“What’s the matter?”

“I wouldn’t send it,” advised Hood earnestly.

“Why not?” snapped Bert.

“It will make him sore as the dickens.”

“That’s what we want, isn’t it?” said Bert, looking at Hood in surprise.

But Hood shook his head disapprovingly and said in all seriousness, “We’ll never get another tip from him if you send that telegram!”

A professional trader actually said that. Now what’s the use of talking about sucker tip-takers? Men do not take tips because they are bally asses but because they like those hope cocktails I spoke of. Old Baron Rothschild’s recipe for wealth winning applies with greater force than ever to speculation. Somebody asked him if making money in the Bourse was not a very difficult matter, and he replied that, on the contrary, he thought it was very easy.

“That is because you are so rich,” objected the interviewer.

“Not at all. I have found an easy way and I stick to it. I simply cannot help making money. I will tell you my secret if you wish. It is this: I never buy at the bottom and I always sell too soon.”

Investors are a different breed of cats.

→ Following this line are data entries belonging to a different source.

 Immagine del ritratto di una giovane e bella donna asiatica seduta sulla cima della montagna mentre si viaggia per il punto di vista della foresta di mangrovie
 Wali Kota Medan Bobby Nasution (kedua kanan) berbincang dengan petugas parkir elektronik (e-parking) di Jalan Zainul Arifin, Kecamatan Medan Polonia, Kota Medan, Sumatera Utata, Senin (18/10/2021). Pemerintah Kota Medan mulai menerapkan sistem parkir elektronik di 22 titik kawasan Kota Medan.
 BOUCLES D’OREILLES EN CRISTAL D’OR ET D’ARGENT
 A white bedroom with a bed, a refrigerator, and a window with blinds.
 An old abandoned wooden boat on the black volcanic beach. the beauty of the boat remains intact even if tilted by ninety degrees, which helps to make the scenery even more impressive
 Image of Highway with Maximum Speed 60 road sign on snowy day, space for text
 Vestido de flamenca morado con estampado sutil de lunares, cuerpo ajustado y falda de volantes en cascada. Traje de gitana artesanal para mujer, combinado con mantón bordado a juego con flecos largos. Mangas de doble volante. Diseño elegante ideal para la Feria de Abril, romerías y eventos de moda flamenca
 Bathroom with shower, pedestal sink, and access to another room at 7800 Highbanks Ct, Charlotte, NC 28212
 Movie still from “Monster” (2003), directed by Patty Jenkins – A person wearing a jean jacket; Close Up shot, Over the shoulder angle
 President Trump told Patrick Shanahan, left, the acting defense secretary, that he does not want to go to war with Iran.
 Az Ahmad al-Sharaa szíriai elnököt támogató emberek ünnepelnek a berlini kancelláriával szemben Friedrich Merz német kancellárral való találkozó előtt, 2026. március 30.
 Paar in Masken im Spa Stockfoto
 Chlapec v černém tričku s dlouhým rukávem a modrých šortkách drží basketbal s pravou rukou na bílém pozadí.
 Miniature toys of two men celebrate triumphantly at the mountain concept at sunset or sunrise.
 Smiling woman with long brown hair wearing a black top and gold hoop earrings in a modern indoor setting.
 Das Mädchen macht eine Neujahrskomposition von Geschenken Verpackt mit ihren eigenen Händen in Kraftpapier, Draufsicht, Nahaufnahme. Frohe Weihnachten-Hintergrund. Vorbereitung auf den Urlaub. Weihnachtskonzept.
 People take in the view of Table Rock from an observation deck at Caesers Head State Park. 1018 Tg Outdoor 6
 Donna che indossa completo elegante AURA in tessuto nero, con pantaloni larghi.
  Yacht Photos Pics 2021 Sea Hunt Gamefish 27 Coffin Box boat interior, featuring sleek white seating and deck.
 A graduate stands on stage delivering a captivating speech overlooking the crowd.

Most of them go in strong for inventories and statistics of earnings and all sorts of mathematical data, as though that meant facts and certainties. The human factor is minimised as a rule. Very few people like to buy into a one-man business. But the wisest investor I ever knew was a man who began by being a Pennsylvania Dutchman and followed it up by coming to Wall Street and seeing a great deal of Russell Sage.